◆ SUPPLIED DATA:
+ + + +

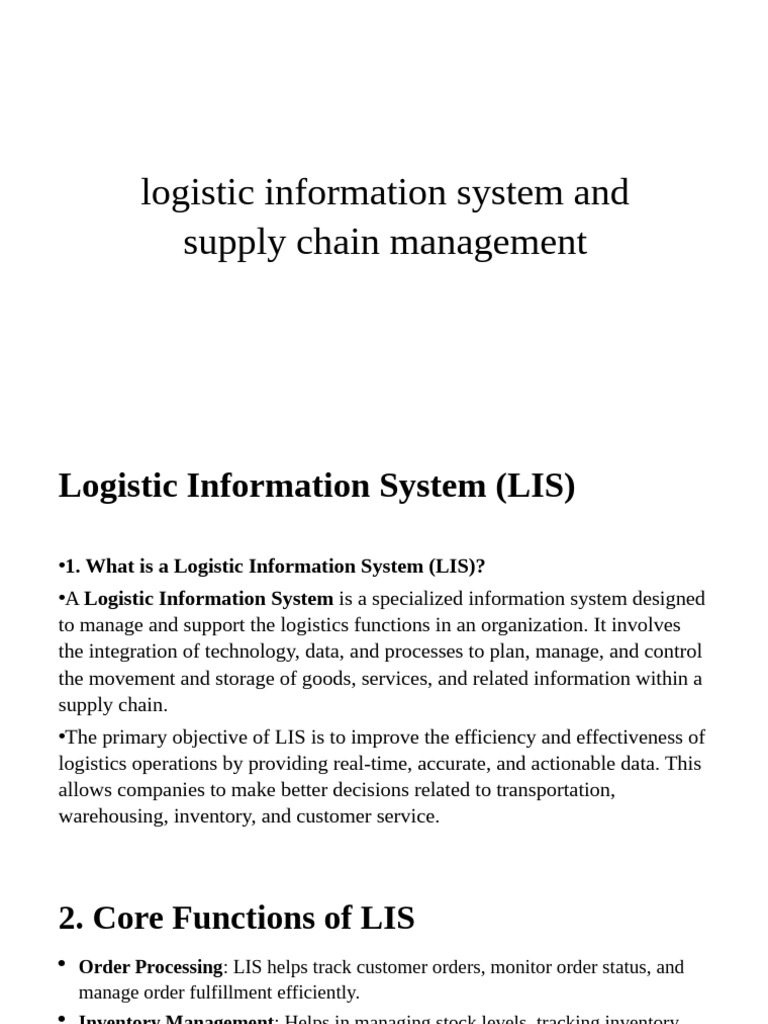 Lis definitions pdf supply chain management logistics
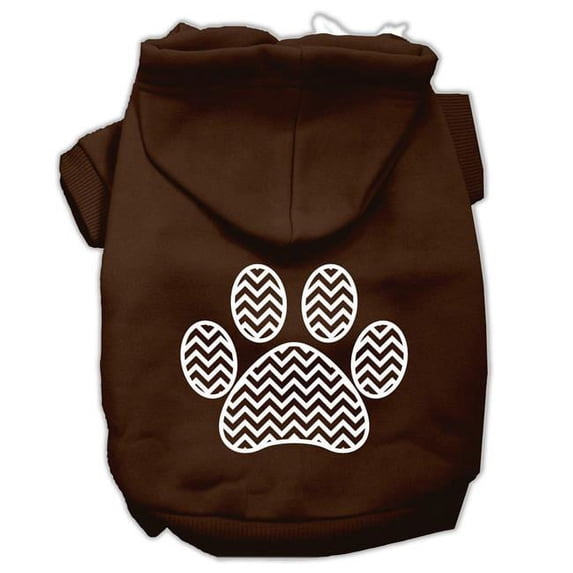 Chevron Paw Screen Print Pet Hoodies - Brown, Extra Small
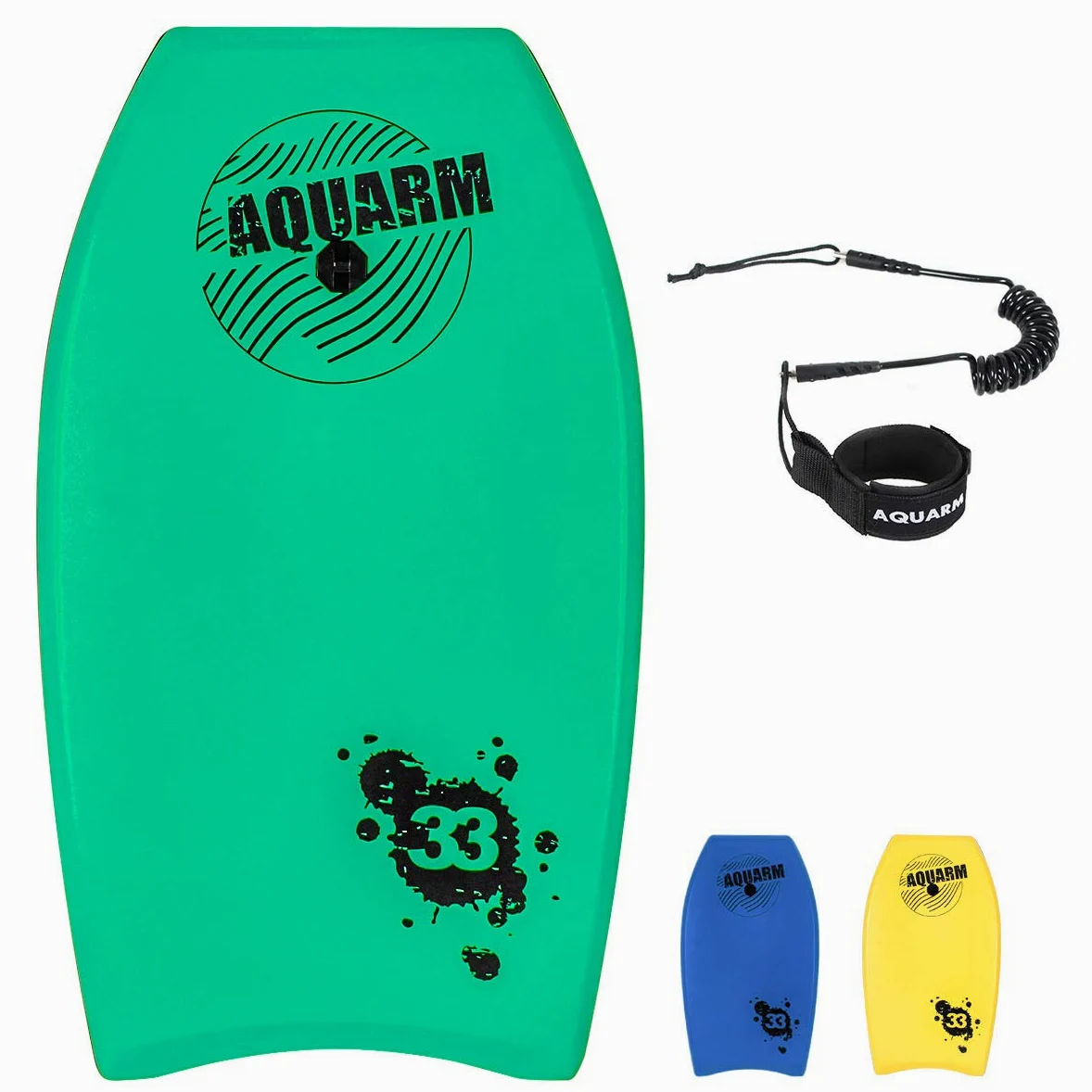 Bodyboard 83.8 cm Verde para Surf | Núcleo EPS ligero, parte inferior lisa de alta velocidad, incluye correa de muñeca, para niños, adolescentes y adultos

+ + + +

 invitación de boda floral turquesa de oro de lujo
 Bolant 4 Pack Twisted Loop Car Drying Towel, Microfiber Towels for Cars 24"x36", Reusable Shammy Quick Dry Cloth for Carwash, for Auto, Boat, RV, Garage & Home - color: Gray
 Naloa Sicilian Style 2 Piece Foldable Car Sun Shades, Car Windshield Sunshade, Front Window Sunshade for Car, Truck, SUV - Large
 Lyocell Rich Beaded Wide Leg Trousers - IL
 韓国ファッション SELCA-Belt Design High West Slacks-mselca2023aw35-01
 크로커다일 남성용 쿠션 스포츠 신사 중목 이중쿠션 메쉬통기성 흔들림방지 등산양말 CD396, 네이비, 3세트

+ + + +

Beginning with the line above that has "Chevron Paw Screen" and going on through the line that has "Bodyboard 83.8 cm", retype every line exactly and add nothing else; drop the pictures.

◆ REPLY TO THE TASK:
 Chevron Paw Screen Print Pet Hoodies - Brown, Extra Small
 Bodyboard 83.8 cm Verde para Surf | Núcleo EPS ligero, parte inferior lisa de alta velocidad, incluye correa de muñeca, para niños, adolescentes y adultos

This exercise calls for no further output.